The project owner/developer or the lenders may require other security from contractors, such as parent guarantees,
standby letters of credit, and other forms of assurance. The contractors will seek ample opportunity to cure any
default or delay, and will try to limit the project owner/developer’s ability to call in performance or payment
bonds or other security without clear proof of a failure of performance by the contractor. In turn, contractors may
demand some form of reciprocal security issued by the owner/developer or its parent company, including parent
guarantees, payment guarantees, and the like, particularly if the owner/developer’s only substantial asset is the
project itself.

C. Lien Release Issues. When the project owner/developer makes periodic payments to
contractors (and thus also to subcontractors and suppliers), the owner/developer should obtain lien releases. A lien
release will help protect the owner/developer from liens being filed on the project by subcontractors that have not
been paid by the primary contractor. Such liens are undesirable because, once filed, they can delay or interfere
with the project’s financing or sale. They also generate litigation, in which a successful lien claimant is often
entitled to recover its attorneys’ fees in addition to the contractual amount due. Worse still, if a lien claimant is
successful, such a lien could be used to force the sale of the project, or part of it, which would further interfere
with the owner/developer’s plans for the sale or refinancing of the project. Many financing agreements will also
consider a lien a breach of the agreement.

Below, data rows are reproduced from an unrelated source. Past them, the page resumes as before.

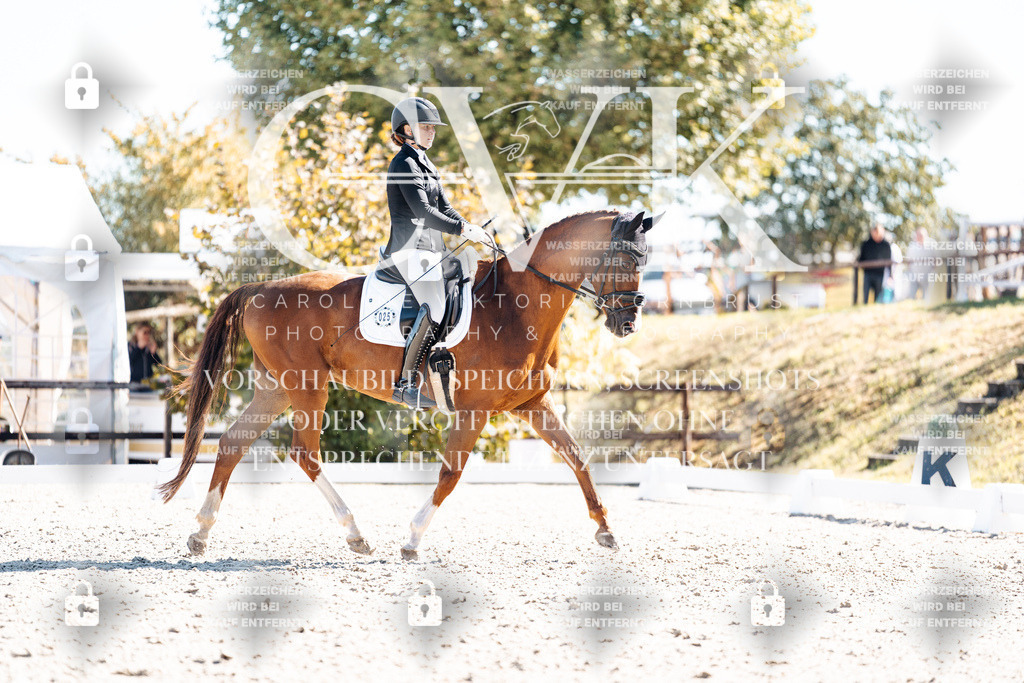 CK909147 | Turnierfotografie Pferdefotografie Trier Rheinland-Pfalz Pferdesport Reitsport Tierfotografie Sportfotografie Pferdevideo Pferdevideografie Equestrianvideography equestrianphotography  - Realisiert mit Pictrs.com
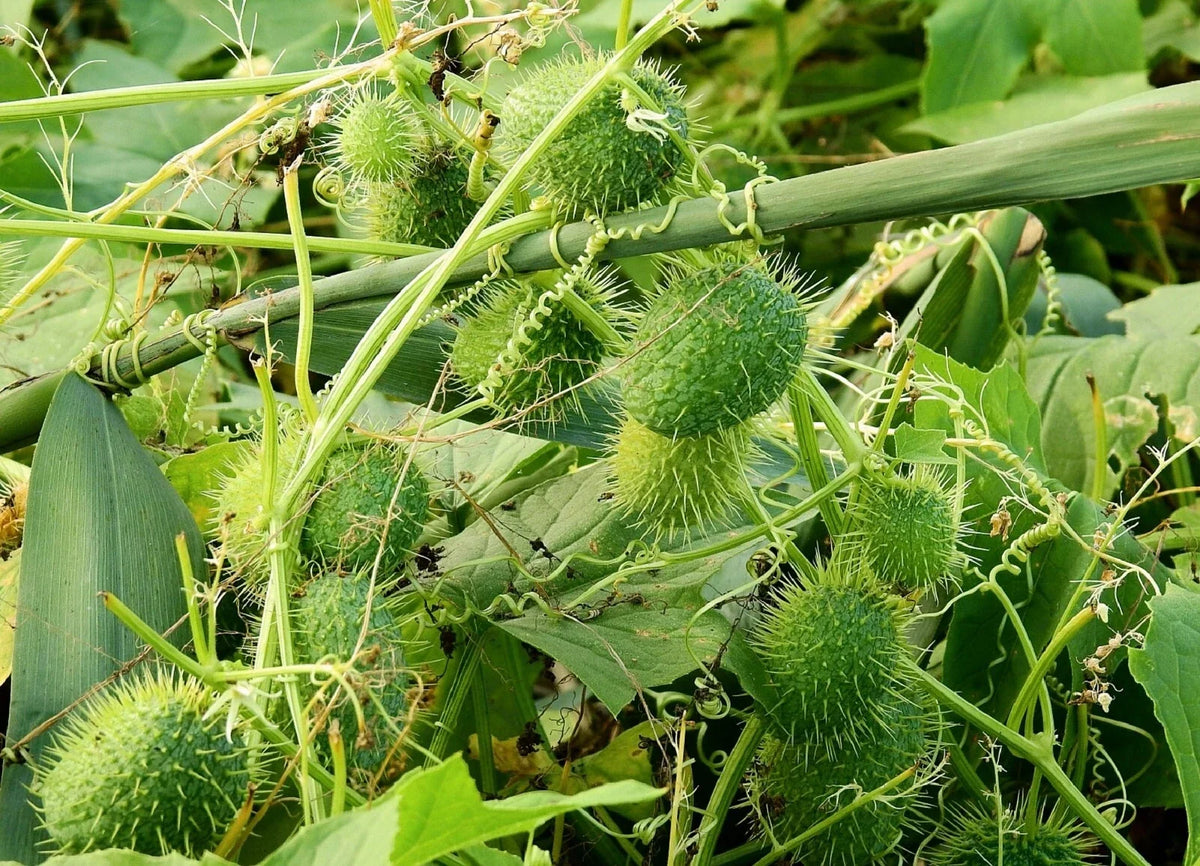 Wild Cucumber Seeds - Fruiting Vine - Cucumis dipsaceus - 10 Seeds - Garden Starter - Organic Gardening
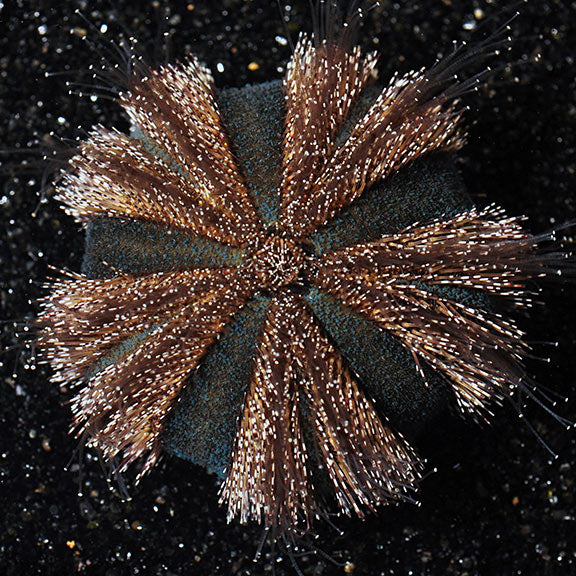 Black Tuxedo Urchin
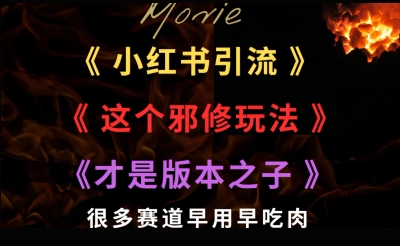 最近小红书引流这个邪修玩法才是版本之子，很多赛道早用早吃肉-副业资源网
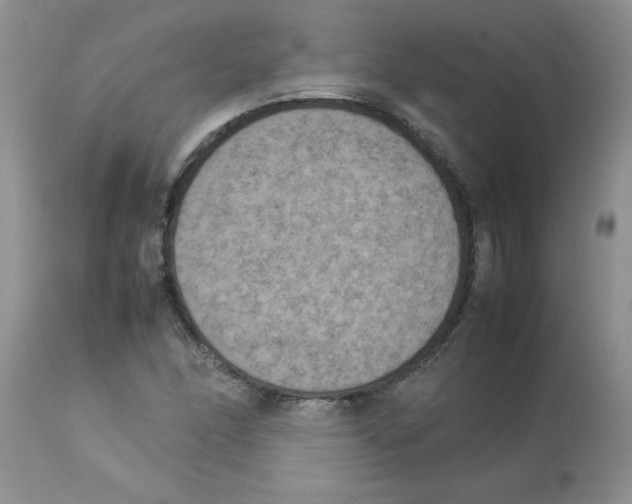 X0000112851166200909181729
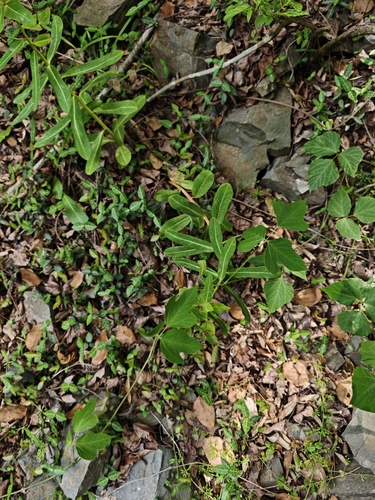 Euphorbia ebracteolata iNat (2)
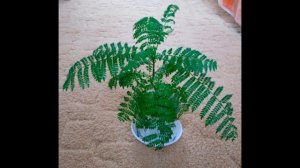 Жакаранда : уход в домашних условиях, пересадка и размножение.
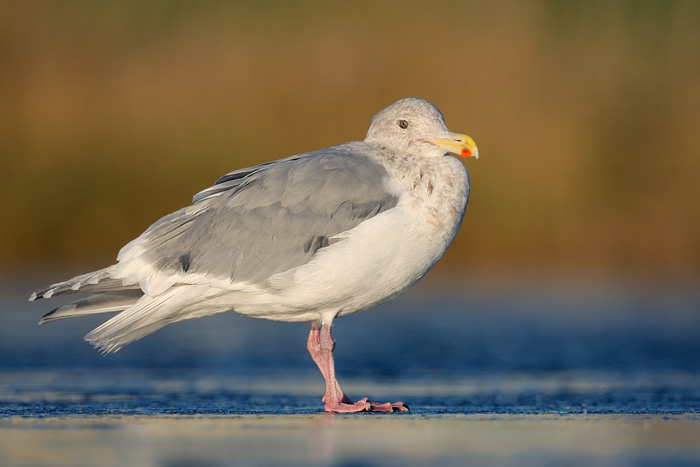 Glaucous-winged Gull X Western Gull (Olympic Gull)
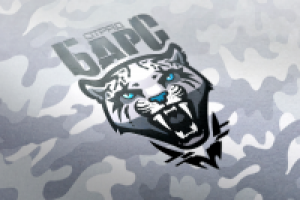 логотип для игрового отряда БАРС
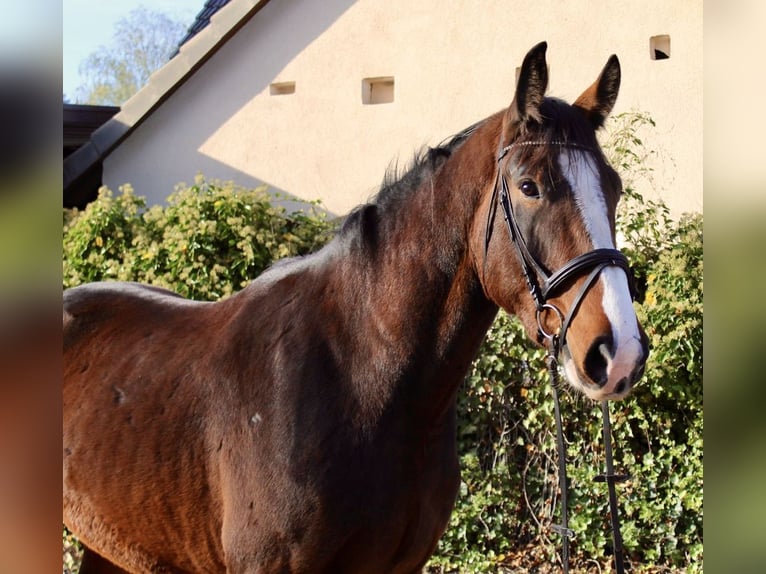 Shire Horse Caballo castrado 5 años 176 cm Castaño in Sonnefeld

D. Insurance and Indemnity Issues. A project owner/developer should obtain appropriate


indemnities and insurance coverage from the various parties with which it contracts, and should require those
parties to obtain similar protections from their subcontractors and material suppliers for the benefit of the
owner/developer. Relevant indemnities include a general indemnity for personal injury, death, and property
damage claims, contractor and subcontractor lien indemnities, an indemnity for taxes (other than those payable to
the owner/developer), an indemnity for violation of applicable laws, and an indemnity for intellectual property
infringement claims. Appropriate insurance policies include commercial general liability, workers’ compensation
and employer’s liability, automobile, errors and omissions (for design and engineering services), and builder’s all-
risk (property insurance for the project improvements). Such policies should name the owner/developer and its
financing parties as additional insureds and contain appropriate waivers of subrogation. Appropriate policy limits
will vary with respect to the nature of the work being performed and the scope of the project. It is advisable for
an owner/developer to consult with an insurance or risk management specialist to ensure that appropriate types
and levels of coverage are obtained.

VI. Current Developments. As the industry has matured and market demands have accelerated because of
public interest in climate change, greenhouse gas emissions, and energy efficiency, relative bargaining positions
have changed significantly. A few short years ago, solar energy was prohibitively expensive technology for the
average commercial developer and for all but the environmentally committed individual home builder. Now,
with the combination of incentives, the influx of research and development aimed at making solar energy
financially feasible in all markets (including potential third-party financing and solar energy system leasing
programs), and robust expansion in solar energy technologies, the on-site solar energy market has expanded
dramatically. Now creative and experienced developers are working with new players and creative strategies to
implement on-site solar energy technologies in their developments—with great success.